After I went home last night my wheels were still spinning about this idea,
and I started re-thinking the design from the ground up, using what I've
learned from this project so far. Currently the use of rulesets makes the
design a little bit too complex. The ruleset itself consists of a list of
tables in the database, within it are children tags containing <if> and
<else> tags. Within those condition tags are statements that would need to
occur to get the value for a specific column. This gets extremely messy and
confusing. Not only do you have to figure out what column relies on the
inserted id from another, but you also have to know what kind of SQL
statements to make. Confused? yeah, me too.

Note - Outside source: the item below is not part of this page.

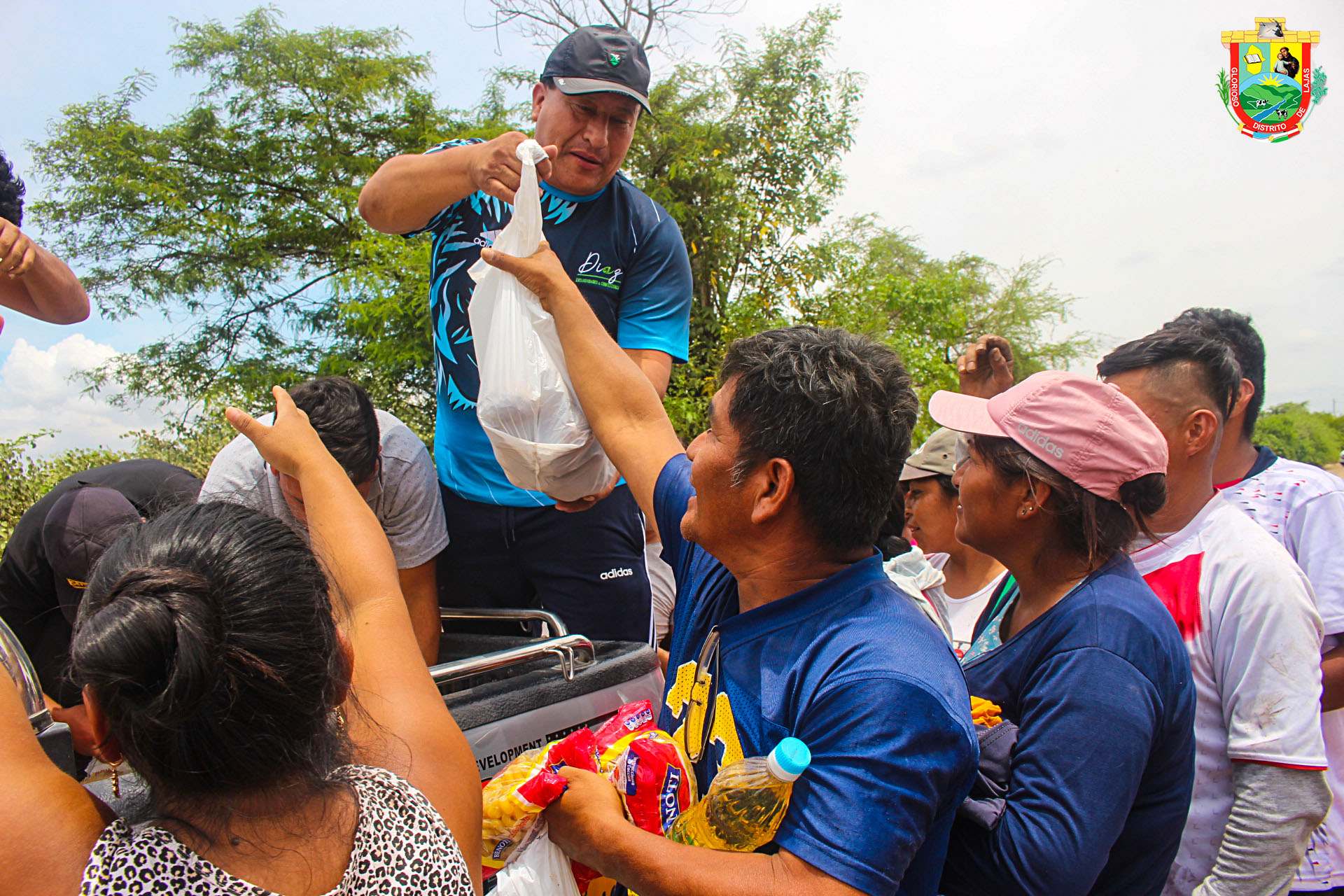 Llegamos desde Lajas para Lambayeque ofreciendo ayuda a los damnificados por fuertes lluvias.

After thinking about it, all this ruleset is, is a combination of
XML-to-table.column mappings and primary key-foreign key pairs. Combining
them gets sloppy, but seperating them seems the way to go. It's much easier
to write 2 seperate files. 1. an xml file with Primary key - Foreign key
pairs and 2. an xml-to-table.column map xml file. I can also say that it'd
be much easier to write a parser for those files. Right now, parsing through
a ruleset xml file with pseudo logic embedded is ugly. Parsing this
psuedo-logic xml is half the battle. Once it has been incorporated into the
rule object, that rule object has to follow that logic. Yuck.

So, since I was off the clock, I cracked open a beer and started putting
together a new design for this project (beer, I find, is the only way to
really justify thinking about work stuff when I'm at home). A rough UML
diagram is here:

http://lo-fi.net/~eric/default.gif

All the objects are there, all the methods and properties are not.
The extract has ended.